*** Dataset records Section Begins ***
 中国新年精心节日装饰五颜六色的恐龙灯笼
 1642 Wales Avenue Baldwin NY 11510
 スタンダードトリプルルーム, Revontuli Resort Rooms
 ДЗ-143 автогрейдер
*** Dataset records Section Ends ***
*** Dataset records Section Begins ***
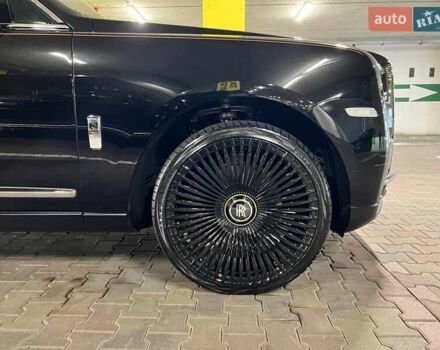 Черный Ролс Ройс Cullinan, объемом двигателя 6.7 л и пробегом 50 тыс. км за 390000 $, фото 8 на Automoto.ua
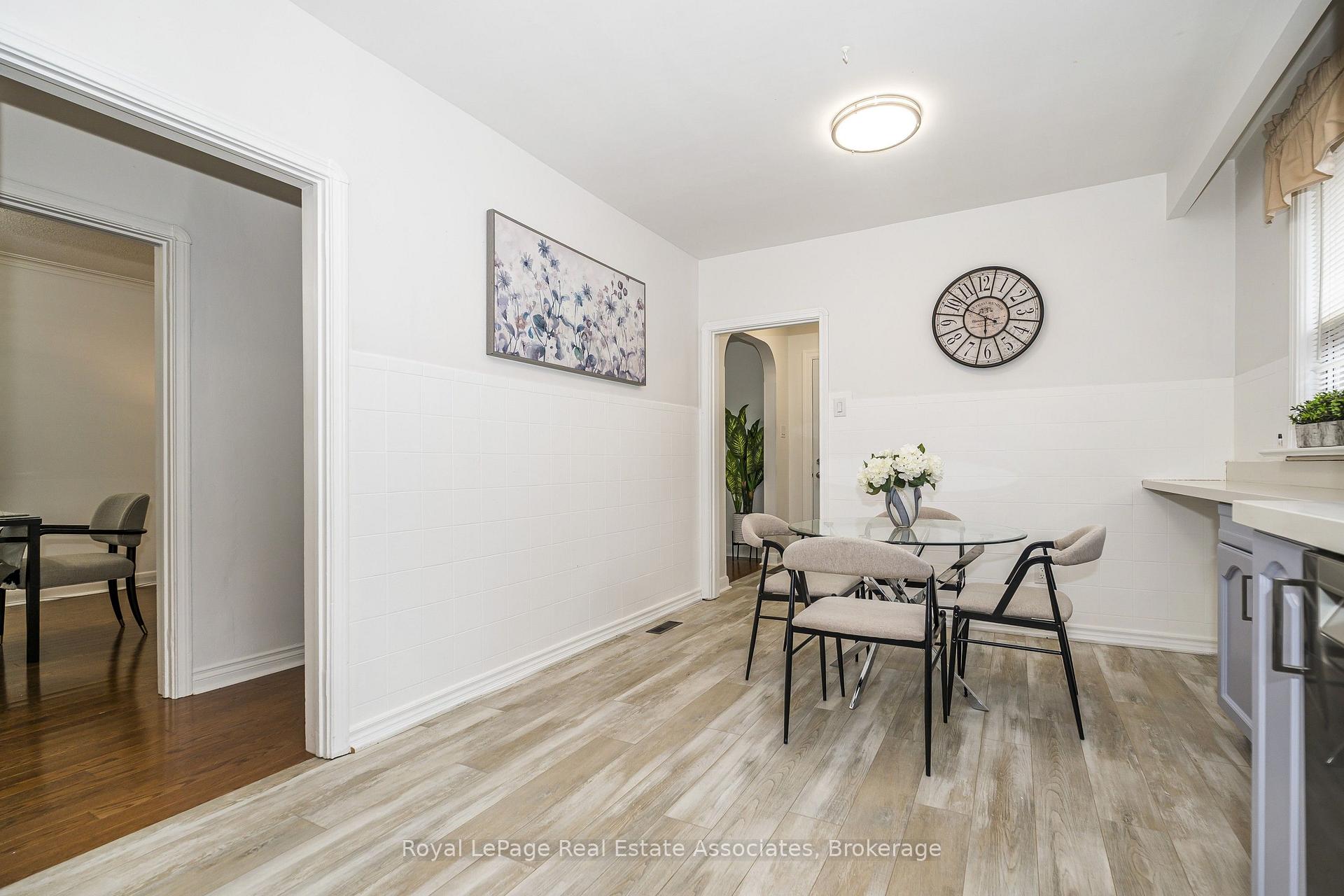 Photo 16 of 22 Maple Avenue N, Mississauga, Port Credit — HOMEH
*** Dataset records Section Ends ***
--- Work request ---
Starting with the line with "スタンダードトリプルルーム, Revontuli Resort Rooms" above and going on through the line with "ДЗ-143 автогрейдер", transcribe every line exactly, both ends included, and add nothing.

--- Exercise output ---
 スタンダードトリプルルーム, Revontuli Resort Rooms
 ДЗ-143 автогрейдер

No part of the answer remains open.